**What the task requires**
Starting at the first line of the records and stopping at the line that contains "And they actually", transcribe every line exactly and leave out the pictures.

Stored data:
-- -- --
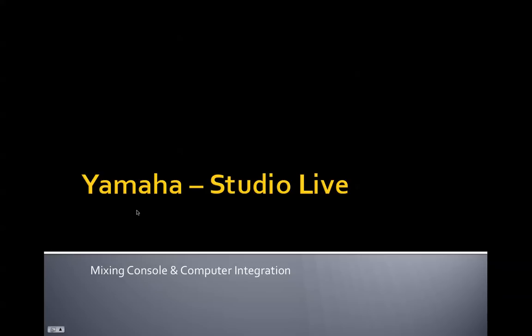Alright, well today I want to talk about using Yamaha Studio Live software that integrates a mixing console with the computer.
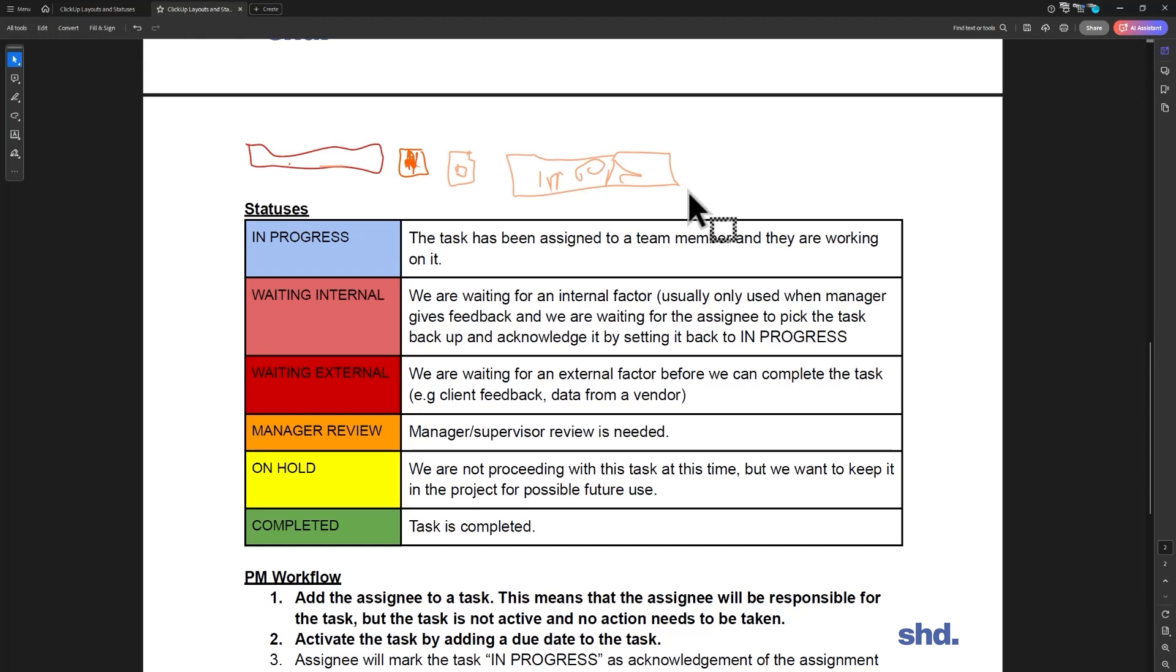And they actually don't want to pay for that now. So if we're waiting for the images to be ready, that's waiting external. We're waiting for client feedback or we're waiting for their vendor to get us, we're waiting for the photographer to send us the new photographs or something.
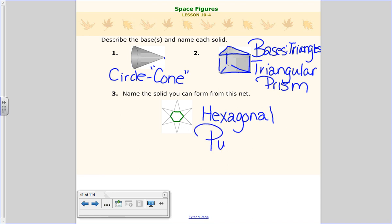This is your lesson for tonight. Tonight we talked about the different space figures and how you can look at bases to tell what kind of figure they are, and how to use their nets. Have a terrific night — I will see you in class tomorrow. Adios.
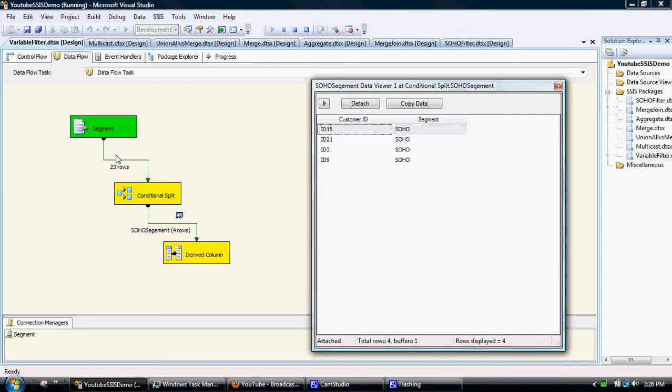So we have 23 rows of data goes through the conditional split to apply the filter. Only SOHO information and four popping at the other end.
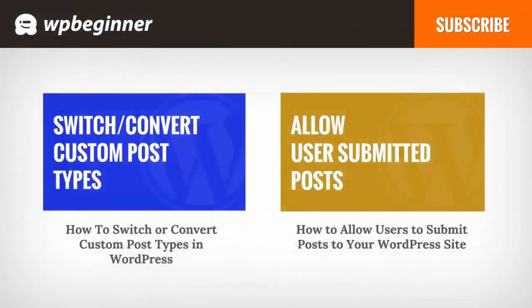I hope you liked this video and found it helpful. If you did, click on the like button below and leave us a comment. And if you want to receive more helpful videos, don't forget to subscribe to our channel and check out WPBeginner.com for more useful information on WordPress.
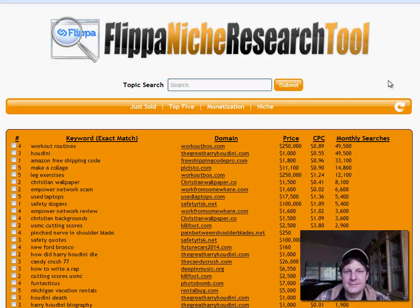Hey guys, Hugh here. I wanted to run you through this Flippa niche research tool. I think this is extremely hip, and the more that I work with it, the more I like it. So I wanted you to have a look at it. A lot of times I offer bonuses for affiliate offers and stuff. This time I'm just going to give you the info up front and then you can make your own decision. But here's how it works.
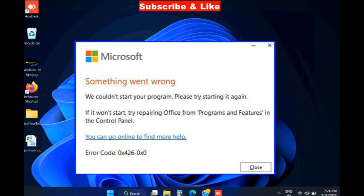Hello guys, how to fix Microsoft Office error code with message 'something went wrong, we could not start your program.' Please try starting it again. If it won't start, try repairing Office from Programs and Features in Control Panel.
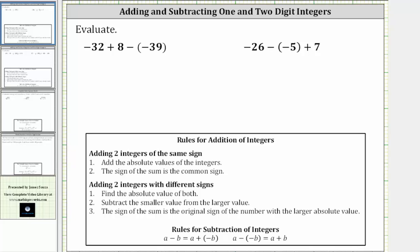We want to evaluate the expressions. Notice we have addition and subtraction, which have the same priority in the order of operations, and therefore we add and subtract from left to right.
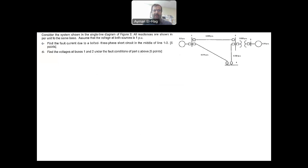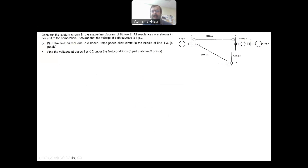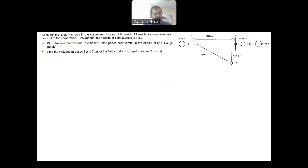Let's see the question clearly. It shows the single line diagram, and we assume the voltages are 1 per unit. The fault happened at the middle of this line. We will draw the reactance diagram, short circuit all voltage sources, and we have one common ground.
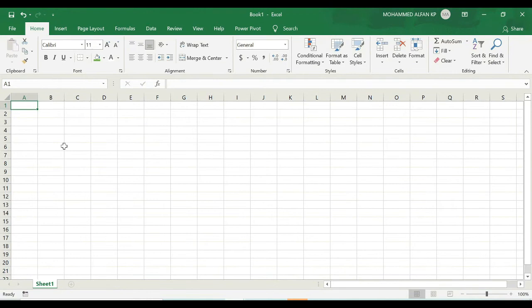In this topic we can learn about active cell in Excel. You probably would have heard the word active cell when you talk about Excel, and the concept is that at one point of time you can edit only one cell.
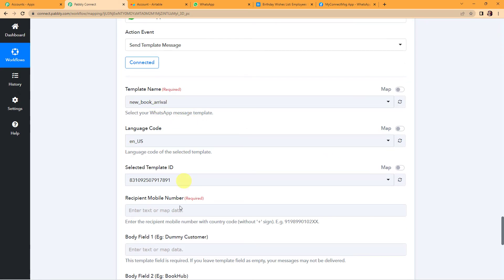Now we have to map this information. Mapping means I have some data in my previous steps and I am just going to retrieve it. If I put the information manually, then every time the workflow runs it will take the same values — it will not take the new values received. That is why mapping is important.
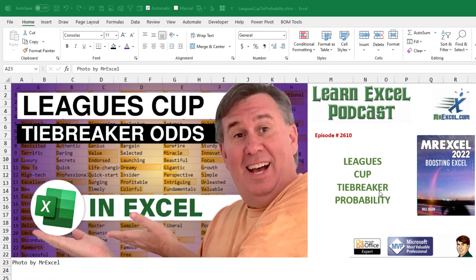Another one with three titles. The Leagues Cup. What are the odds of a group stage going to a tiebreaker?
-- -- --
**Reply to the task**
Alright, well today I want to talk about using Yamaha Studio Live software that integrates a mixing console with the computer.
And they actually don't want to pay for that now. So if we're waiting for the images to be ready, that's waiting external. We're waiting for client feedback or we're waiting for their vendor to get us, we're waiting for the photographer to send us the new photographs or something.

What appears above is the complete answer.